I had no answer, at first. I thought back of the many versions of my body over the years. Me in high school, insecure and sure I didn't have a boyfriend because I didn't have a teeny waist. Me in college, packing on the weight and then picking away at it with Weight Watchers and hour-long sessions on the workout bike while watching Paradise Island. Me now, so uncomfortable and ungainly in my body that I sometimes find myself standing talking to someone and realize my hands have subconsciously gone in the pocket of my jeans and are pressing into the fat on my hips. Me, in junior high, lying on the floor on my back and feeling how my tummy still jutted above my hipbones while noticing that didn't happen for some of my friends and feeling jealous of their concave bellies. Me, freshman year of high school, awkward and chubby in my ill-fitting one-piece, swimming with my tall thin friend in her bikini and my curvy friend in her Speedo with the very high cut legs.
"Never," I answered her. And instantly I felt like a failure. For never loving my body. And for never doing something to really change it. "I came close, once," I said, "around the time I got married. I was ok with my weight, but I needed to tone up. It never happened."
Me, 3 years after our wedding and about 15 pounds over wedding weight. Honestly? I'd settle for being that size right now, and at the time I thought I needed to lose about 20 pounds.
How sad is that??? How awful is it that there's not a single point in my life when I can remember really, truly loving my body. Aside from the few months around my wedding day when I was almost to my goal weight and working out 3-5 days a week, the only other time I liked my body at all was when I was pregnant with Luca. I was a bit self-conscious as my boobs grew a cup size in the first 6 weeks and my belly looked more 'too much burrito' than 'cute little baby' for the first half of my pregnancy. But I also really, really loved being pregnant. I loved that belly, and I felt pretty good about what my body was capable of doing.
Just about done with my pregnancy with Luca. This was probably about 37-39 weeks, and other than looking super exhausted I feel good about that body.

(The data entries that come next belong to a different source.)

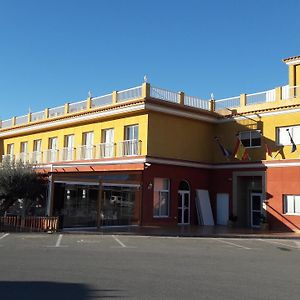 Venta De Tebar Hotel Aguilas Exterior photo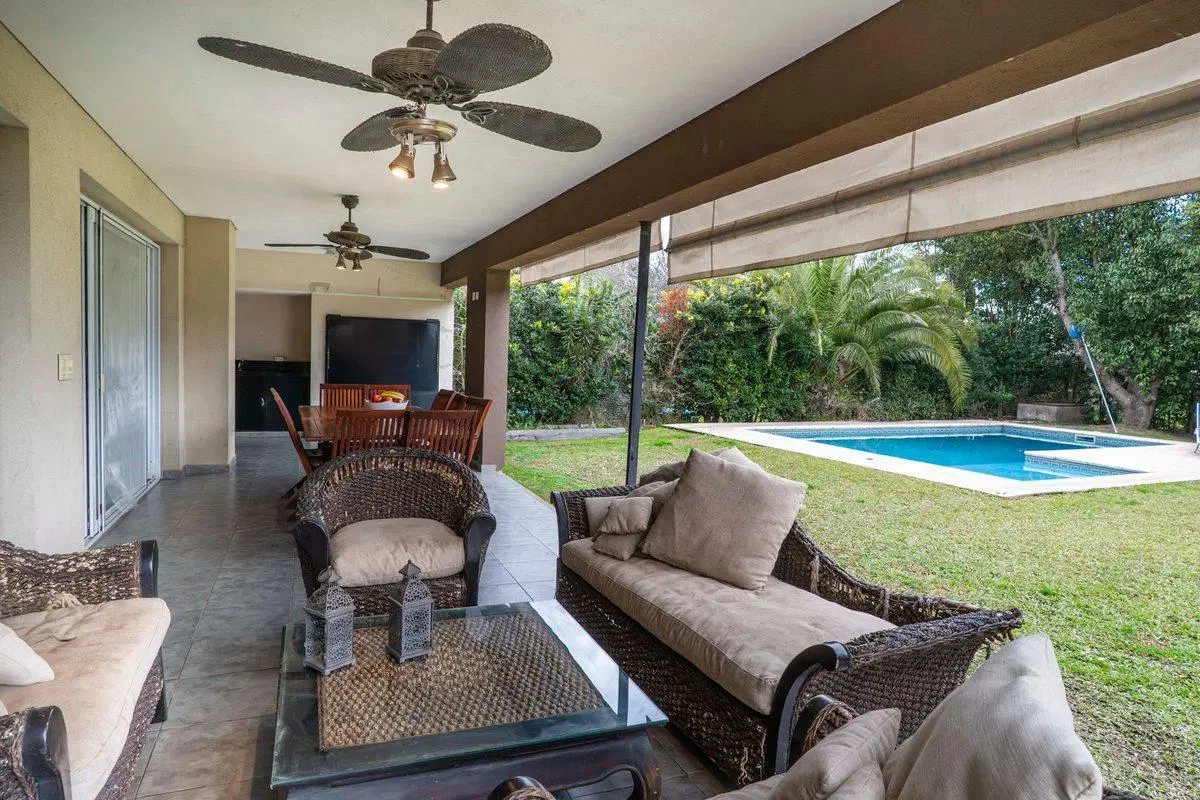 CASA EN VENTA EN SEPTIEMBRE LOTE INTERNO 5 AMB 2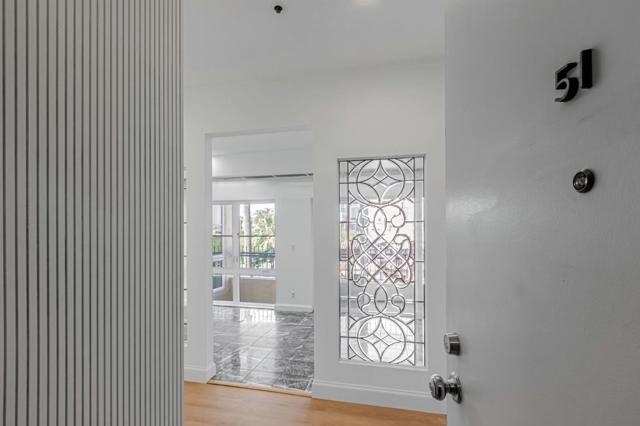97 E Saint James Street, San Jose CA: https://media.crmls.org/mediaz/eca5ddc1-d101-4abf-9a5d-1c3db22c1d90.jpg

The thing is, this co-worker? She's 5'6" and a size 4-6. She is adorable and has almost no fat on her body. And when I posed the same question back to her, her answer was almost the same as mine. "Never," she said to me. "When I was skinnier I wanted more curves. When I was in high school I hated being pale and flat chested. Now, I wish I could get rid of my thighs and tone up."
I guess I forget, that somewhere deep inside most women have body insecurities. Sometimes I struggle about talking openly about my journey to get healthier and lose weight. I worry what people will think of me. I worry I am opening myself up for other people to criticize and analyze. And then I remember: I'm no different than the average woman, whether that woman is a size 4 who longs for more womanly curves, a size 14 who wishes she was her high school size 10, or a size 24 who just wants to be able to ride coach in an airplane without feeling the armrests pinch into her hips and the scorn on the faces of the people in her row. We all struggle, in our own unique ways.
This week, I decided to do something just for me. Something that will make me feel better about my body. After everyone is in bed at night, I spend 30-60 minutes working out (THANK YOU streaming Netflix on my hubby's X Box!), and then I spend 10 minutes or so just reading quietly, in a quiet house. It's only been a few days, but already I'm remembering how much I really DO enjoy spending time caring for my body and waking up the next day feeling it in every muscle group I forgot I had.